Now, this is not really import. Although this hand type is 35 times more likely than the poster's hand, it is still exceedingly rare. We really don't care.

And we also don't really care about what a Walrus does. Real world bidding is, by its nature, a re-evaluation process, and Binky Points (so far) only deal with the initial evaluation. They are a beginning, not an end.

Caveats and Conclusions

I do not know about the efficacy of Binky Points in real play, and I am always careful to say so. Other people ascribe more weight to them than I do. I even chose the name "Binky" because it was a silly nickname. However, if you are going to argue against them, at least make a modest attempt to understand what you are reading, rather than make a knee-jerk mockery.

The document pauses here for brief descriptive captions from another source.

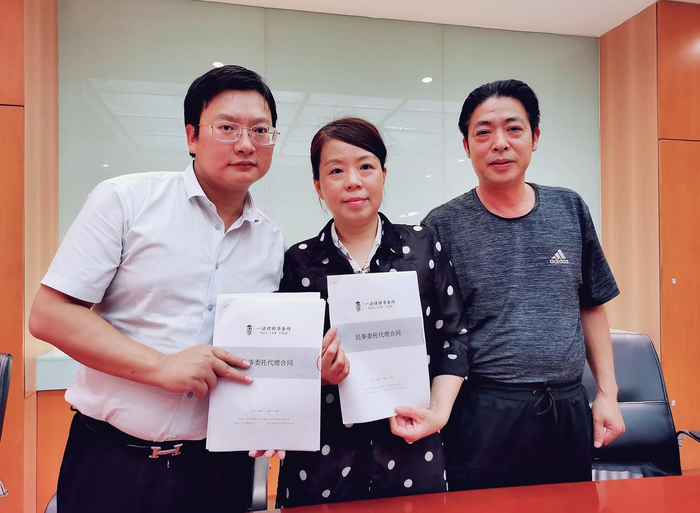  ▲许女士（中）已正式委托律师准备起诉相关医院。受访人供图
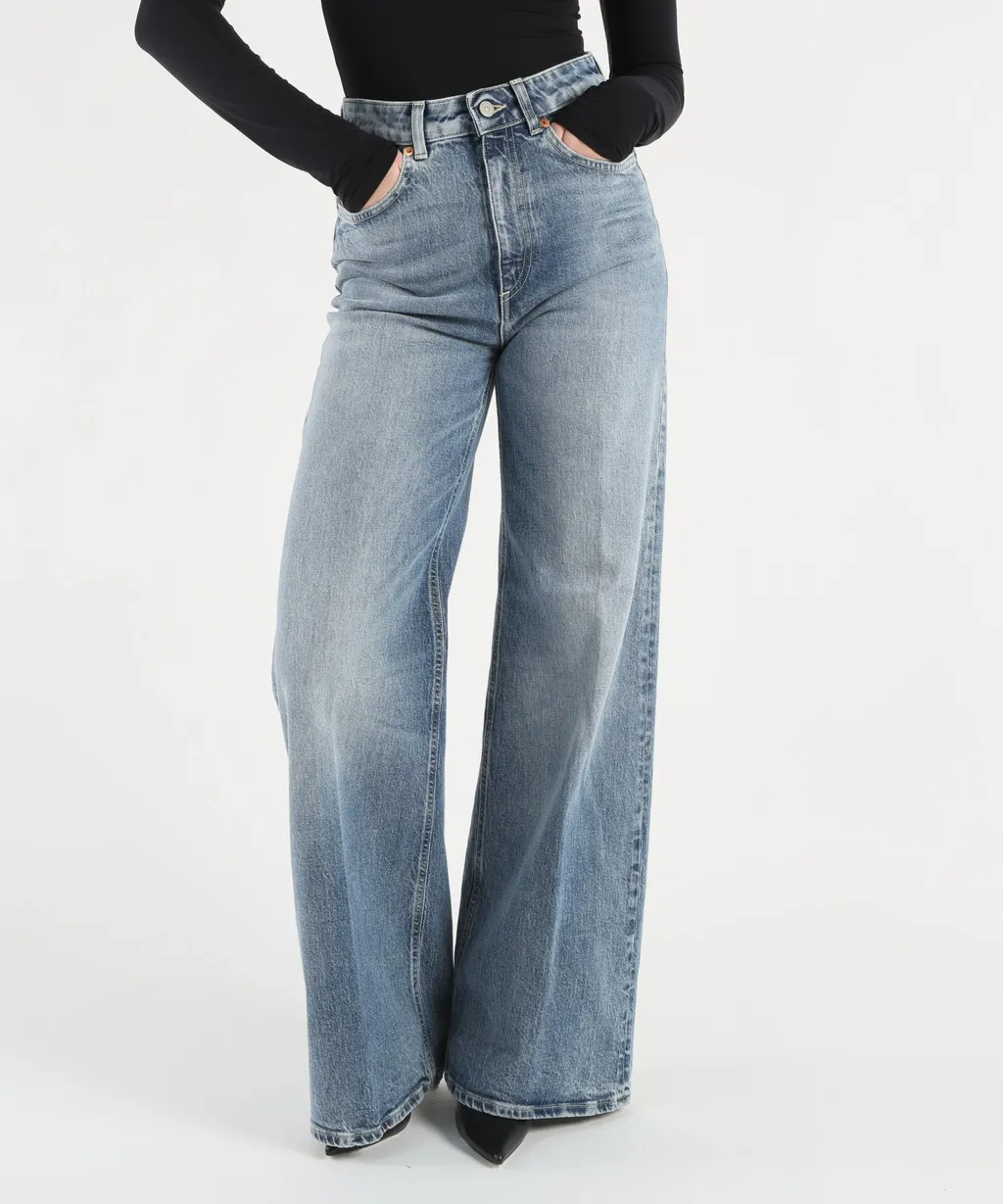 Wide Leg Jeans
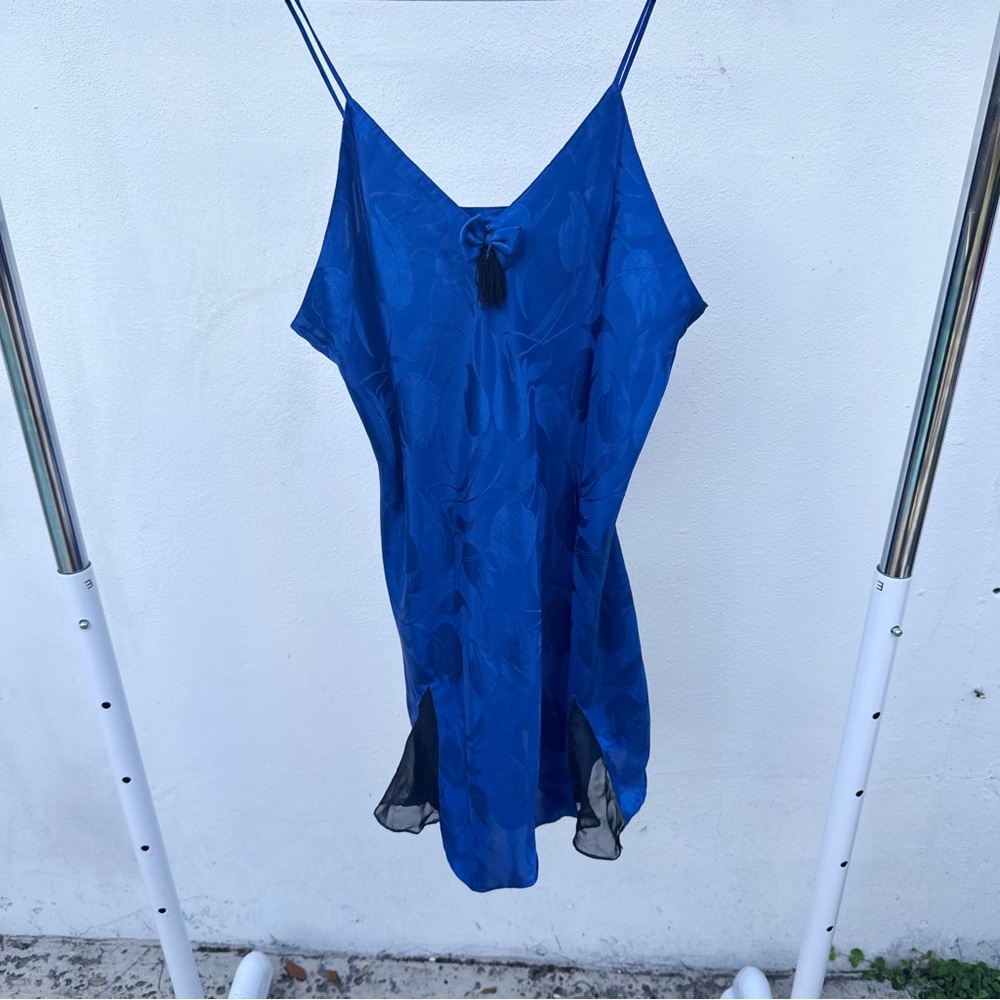 Victoria’s Secret Gold Label Blue Satin Mini Slip Dress Size Medium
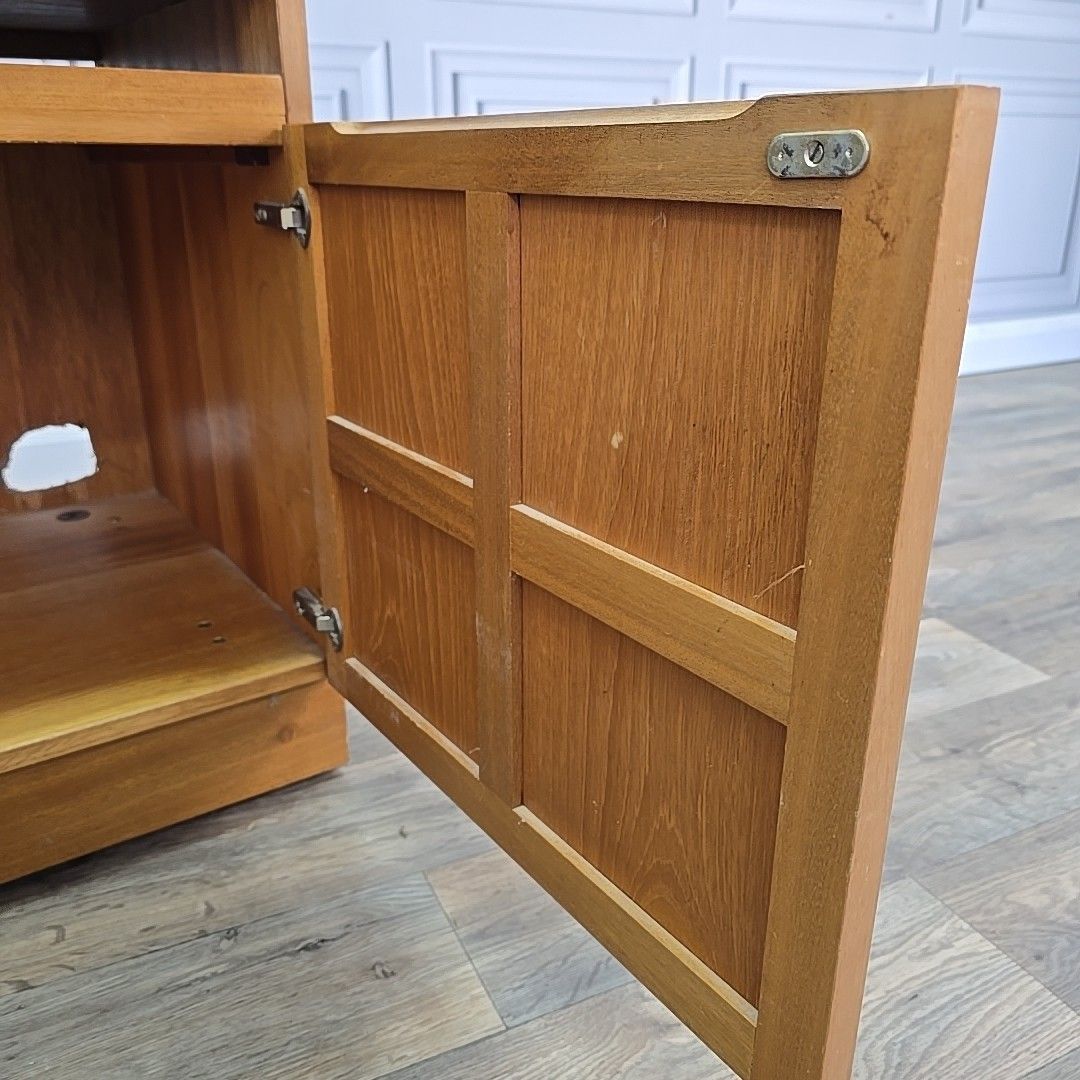 photo vintage Retro Nathan Low Sideboard Teak Tv Media Cabinet Mid Century Cupboard Storage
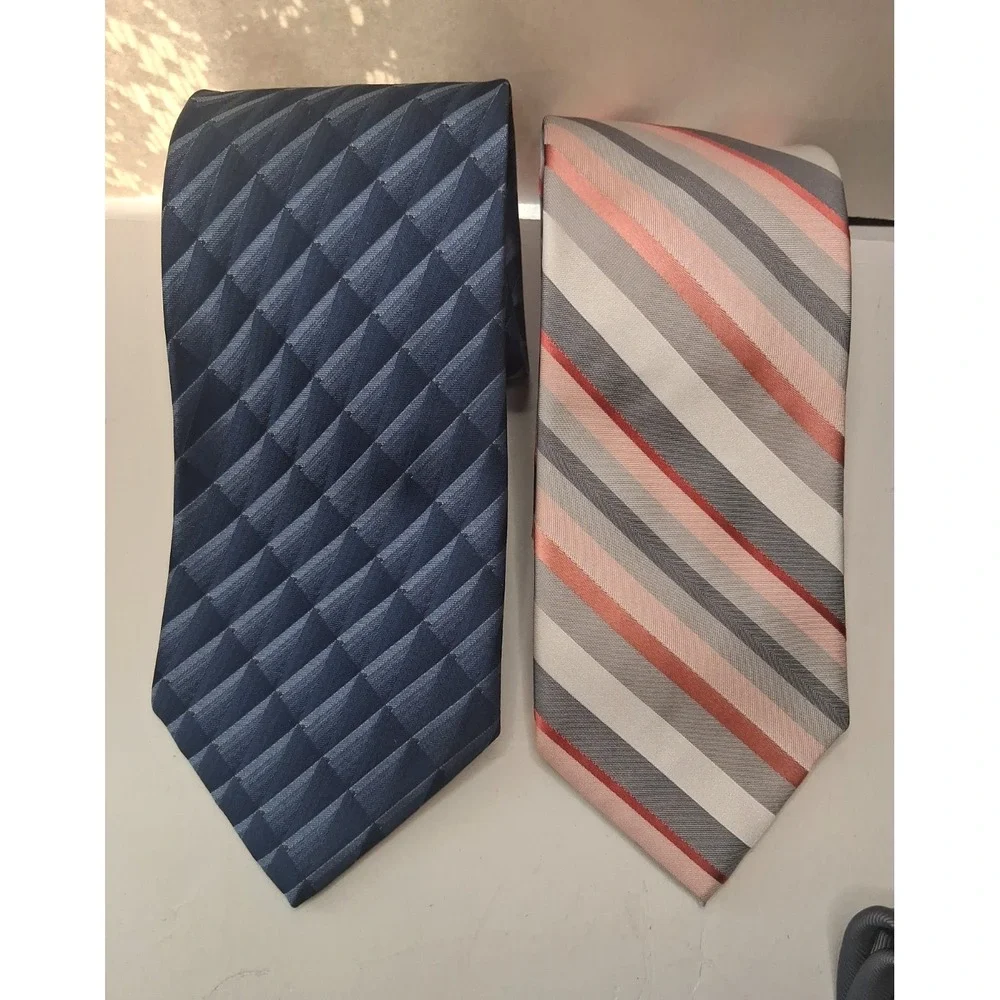Lot of 23 VTG 60s - Modern Men's Neckties Polyester Blend Name Brands Clean Nice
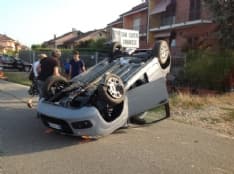 SAN GIUSTO - Auto si ribalta: un ferito in ospedale - FOTO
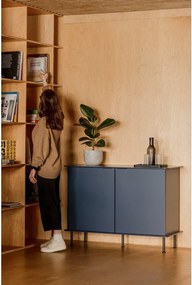 Ciemnoniebieska komoda z otworem na kable 120x88x50 cm Suumo – noo.ma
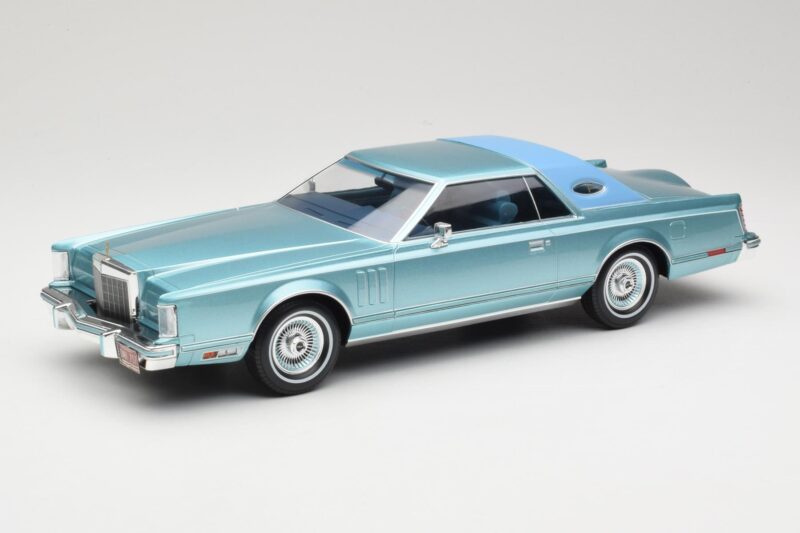 Lincoln Continental Mark V Blue Metallic MCG 1:18 MCG18369 Métal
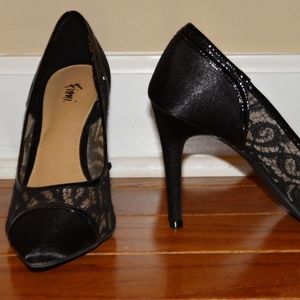 Fioni Satin & Lace Pumps-Size 7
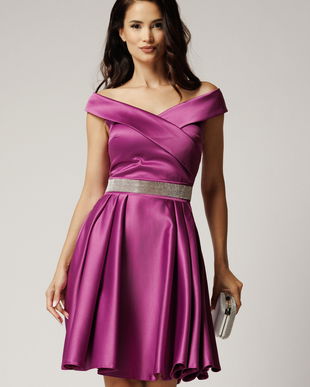Rochie Nova scurta magenta din tafta in clos cu strasuri in talie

I take no view official view on the main topic of that BBO discussion. My gut level says that a 5-3-1 count is probably not very good, but that is my gut. I have no data either way, particularly not for real play.

Side note: Evaluating Axxxx-Axxx-Axx-A

The person who said that the value of the aces in Axxxx-Axxx-Axx-A are all different actually captures Binky Points with that comment. In Binky Points, I'd also add that the values are different in suit than in notrump.

It's a little hard to define "what is the value of this ace?" But we can say, "What is the value of Axxxx versus the value of xxxxx."

In notrump, Axxxx is worth 2.23 tricks more than xxxxx, Axxx is worth 2.27 tricks more than xxxx, Axx is worth 2.32tricks more than xxx, and A is worth 2.13 tricks than a small singleton. That is quite "regular." At 1/2 trick per point, this makes the aces worth (very roughly) 4.5 points in the longer suits, and 4.25 tricks in the singleton.

In suits, Axxxx is worth 1.59 tricks versus nothing, Axxx is worth 1.59, and Axx is worth 1.61, while A is worth only 1.33 versus the singleton. This means roughly that the aces are worth closer to 5 points in suit contracts, except for the stiff, which is worth only 4 points.

So we see that, for the most part, an ace is an ace is an ace in the longer suits, when not supported by other high cards. The value of the stiff ace is the interesting one. If you accept that a HCP is about 1/3 a trick in suit contracts, then the value of the singleton ace is almost a full point lower than the other aces in suit contracts. In notrump, a point is about 1/2 a trick, so the difference is only about a half of a HCP.

Note, this does not tell us the value of an ace. It only tells us the value of an Axxxx versus xxxxx. The value of an ace also comes in the value of AQxxx versus Qxxxx, etc. Indeed, Binky Points do not care about the values of individual honors, really - Binky Points are computed by evaluating the entire holding. So we can compare Axxxx versus KQxxx (almost the same in suit contracts, the latter is worth about 1/10th of a point more in notrump.) We have a harder time comparing the value of Ax and Axxxx, because the sets of hand patterns are so different. (We can compute such a difference, it is just not clear what the value of such a difference would be.)

Consider the differences:

	Tricks Diff.
	NT	Suit
JTX vs QTX	0.58	0.31
JTXX vs QTXX	0.45	0.30
JTXXX vs QTXXX	0.43	0.28
JTXXXX vs QTXXXX	0.42	0.25

Consider what QTx gives you in notrump that JTx does not. QTx has some chance of being a stop all by itself, so we get a rather large difference between QTx and JTx in notrump compared to the value of turning the jack to the queen in the longer suits.